We laid the tent out on the only piece of flat, clear ground. At Buzzy’s suggestion we piled up pine needles for bedding and staked the tent on top of them. The fire was crackling to life and Pops began unpacking utensils and food for dinner.
“Man, I’m beat,” I whispered to Buzzy. “I’ve never hiked like that in my life.”
“Your Pops goes at it. I think he wanted to show us up.”
“It wasn’t hard,” I said and laughed.
The camp was on the highest part of the ridge, rocky and thin of trees as exposure over time had worn away the dirt and most of the vegetation. What remained were weathered white pines, gnarled and twisted, clinging to the stony soil with determination.
The hot August sun was making its way to the far west; Buzzy and I climbed up the largest of the boulders so we could look out over the mountains. We picked up some broken rock pi
eces and threw them one by one as far as we could down the ridge side, listening to the sound they made as they pinged off trees or flushed last fall’s leaves.
I turned to him. “You know what we should do for the next two weeks?”
“What?”
“Just live.”
He looked at me, interested but skeptical. “I ain’t plannin on dyin up here.”
“Yeah, but you are planning on thinking. Let’s just live without thinking about anything. Put all this bullshit with Cleo and Josh out of our minds.”
Buzzy looked back out to the sun-basted mountains. We were silent for a time. Finally he said, “You can see a little piece a Glaston Lake from here.” He pointed to a sliver of blue in the shadows between two mountaintops. It looked far.
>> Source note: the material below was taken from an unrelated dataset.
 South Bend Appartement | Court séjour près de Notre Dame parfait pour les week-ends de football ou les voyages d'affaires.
Before I could answer, the smell of cooking hamburgers hit us both. The dull hunger we had been feeling flared on the aroma of the grilled meat. We looked at each other, smiled, and raced back to camp.
Pops had three huge hamburgers sizzling on a griddle next to a pot of Audy Rae’s special molasses beans. “Thought you boys got et by a bear.” He flipped a burger to the sound of popping and spitting grease. We sat on rocks around the fire eating the burgers and beans with no ketchup or mustard. I never knew that a simple hamburger could taste so good.
We cleaned up from dinner, washing pots and dishes in a spring a few hundred feet down the ridge side. Pops tied our food bag to a rope and slung it over a branch outside the rock circle. We turned in soon after sunset, and within minutes Pops was snoring lightly. Buzzy and I lay on our sleeping bags, staring at the tent ceiling and listening to the syncopation of Pops’ breathing and matching it to our own.